Affairs Of The Heart 2006

The installed exhibition work Affairs of the Heart was created in a month long international ceramics symposium with  the interrogative title: Wofür brennen wir? (What do we fire for?) in Halle, in the eastern part of Germany . The site, 30 kilometres north of Leipzig where my mother was born,  stimulated my first significant work that  was the direct product of reflection on my grandparents, who were killed in the Nazi death-camps.
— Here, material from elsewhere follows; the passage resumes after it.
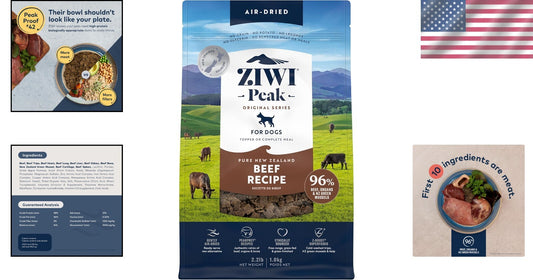 Peak Air-Dried Dog Food - Beef, High Protein, All Natural, 2.2 lb - Grain Free
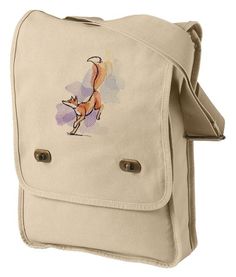 Fox design in a Watercolor-style washes of color embroidered on canvas field bag.AUTHENTIC PIGMENT FIELD BAG• 100% cotton canvas• Heavy enzyme-washed• Cotton webbing straps• Front flap with antique brass turn-buckles• Inside hanging zippered pocketSize:One Size12"W x 16"H x 3 1/2"D.Design Size is4.84"(w) x 6.54"(h)***Colors of thread in embroidery design, along with material the design is one, may very slightly due to computer screen color variations and possible changes in dye lots. The design Beige Canvas Shoulder Bag With Embroidered Logo, Canvas Tote Shoulder Bag With Embroidered Logo, Canvas Shoulder Bag With Embroidered Logo, Beige Canvas Bag With Embroidered Logo, Embroidered Cotton Shoulder Bag For School, Casual Embroidered Canvas Bag For School, Daily Canvas Shoulder Bag With Embroidered Logo, Canvas Shoulder Bag With Embroidered Logo For Daily Use, Daily Use Canvas Shoulder Bag With Embroidered Logo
The objects that comprised the installations reprised some of the outcomes realised in the installation Durch das Feuer Gehen which had itself stimulated this introspection into my own heritage that touched on Germany; there I had installed some of the vessels lying on their sides, to convey the chaos of archaeological finds as well as the sense of disturbance in a regulated environment of the museum, to symbolically suggest the disruption of ordered existences. This meant that the opening existed on the side of the vessel and negated the need for a foot; so the individual vessel elements were developed, turned to a point – the classical shape of the amphora. I understood this archaic image of transportation and containment to carry the metaphors of damage and destruction that are suggested by my conflicted association with Germany. The mark-making began to be more violently expressed and dominant – a crease incised down the length of the piece. These were complemented by small porcelain thrown forms which were pressed, fossil-like, into soft, receptive clay and raku fired black; to create a cradle for the forms. The discussions at the symposium of Wofur brennen Wir, in which I interrogated my own rationales for firing, helped to clarify the possibility of there being a personal meaning to firing, bringing to fruition a glimpsed perception that had been gestating during the writing of my second book, that was nearing completion (Firing, 2007).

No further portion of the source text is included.